An unlikely source provides the solution to the looming fiscal crisis concerning the funding for pensions for retired Pennsylvania state workers and public school teachers which is expected to cause the tax burden to rise by $1,360 by 2012 for the average resident of the state.
Obviously, the money has been contracted and must be paid. So what to do?
Well the answer is ironically in the Communist Manifesto, the second plank of which calls for a heavy progressive income tax.
It’s simple. It’s beautiful.
Pensions, of course, are not taxed in Pennsylvania so here is how it would work:
–the first $50,000 of a public pension would remain untaxed.
–the next $50,000 would be taxed at 50 percent.
–anything above that would be taxed at 90 percent.
Let’s use the looming $313,000 pension of state Sen. Robert Mellow (D-22) as an example. There would be no tax on the first $50,000 so that means that Sen. Mellow would get $50,000 upon which to survive. He would then pay 50 percent of the next $50,000 back to the state adding $25,000 to yearly income for a total of $75,000. Of the remaining $213,000 he would pay back 90 percent leaving him with an additional $21,300 and an annual income of $96,300.
He could probably survive on that.
Who could object?
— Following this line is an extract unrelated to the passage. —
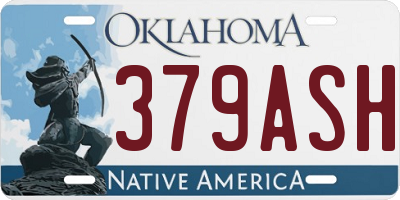 OK license plate 379ASH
Certainly not the bulk of pensioners who are retired teachers and consider themselves progressive and fully subscribe to the concept of “from each according to his ability, to each according to his needs.”
Granted most of our legislators are simply greedy and not full-blown Marxists and would certainly provide an obstacle to reform but certainly not an insurmountable one.
And yes the average taxpayer would still see somewhat of an increase in his burden but a ray of hope has been found.